**PROBLEM TO SOLVE:**
In your copy of the data, keep every word exact and include no pictures.

**INFORMATION SUPPLIED:**
-----

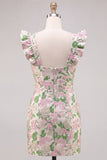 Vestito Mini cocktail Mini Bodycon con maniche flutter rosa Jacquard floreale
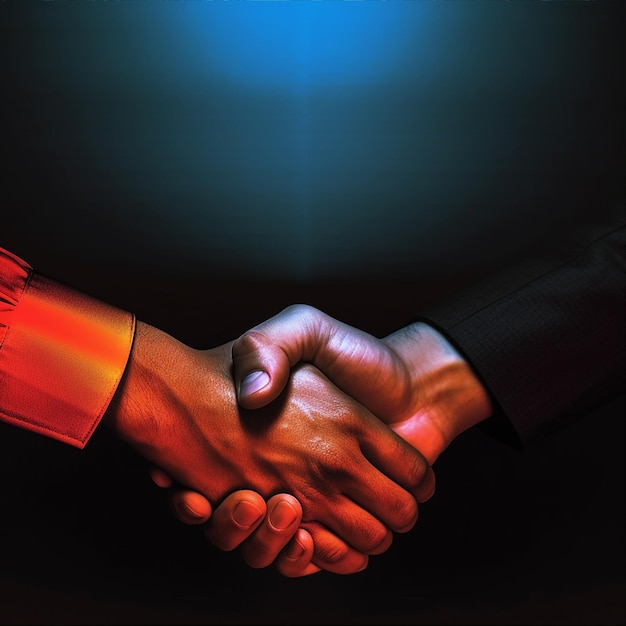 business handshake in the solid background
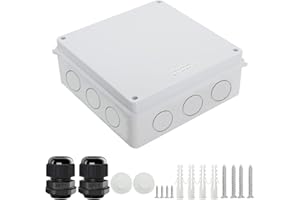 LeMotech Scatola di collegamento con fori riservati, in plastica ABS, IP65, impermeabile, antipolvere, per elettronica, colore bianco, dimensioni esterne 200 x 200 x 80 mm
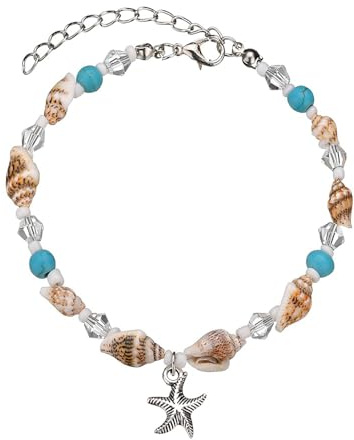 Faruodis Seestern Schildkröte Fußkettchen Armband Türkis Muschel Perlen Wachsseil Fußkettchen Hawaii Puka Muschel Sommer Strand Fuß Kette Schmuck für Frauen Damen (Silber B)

-----

**WRITTEN REPLY:**
 Vestito Mini cocktail Mini Bodycon con maniche flutter rosa Jacquard floreale
 business handshake in the solid background
 LeMotech Scatola di collegamento con fori riservati, in plastica ABS, IP65, impermeabile, antipolvere, per elettronica, colore bianco, dimensioni esterne 200 x 200 x 80 mm
 Faruodis Seestern Schildkröte Fußkettchen Armband Türkis Muschel Perlen Wachsseil Fußkettchen Hawaii Puka Muschel Sommer Strand Fuß Kette Schmuck für Frauen Damen (Silber B)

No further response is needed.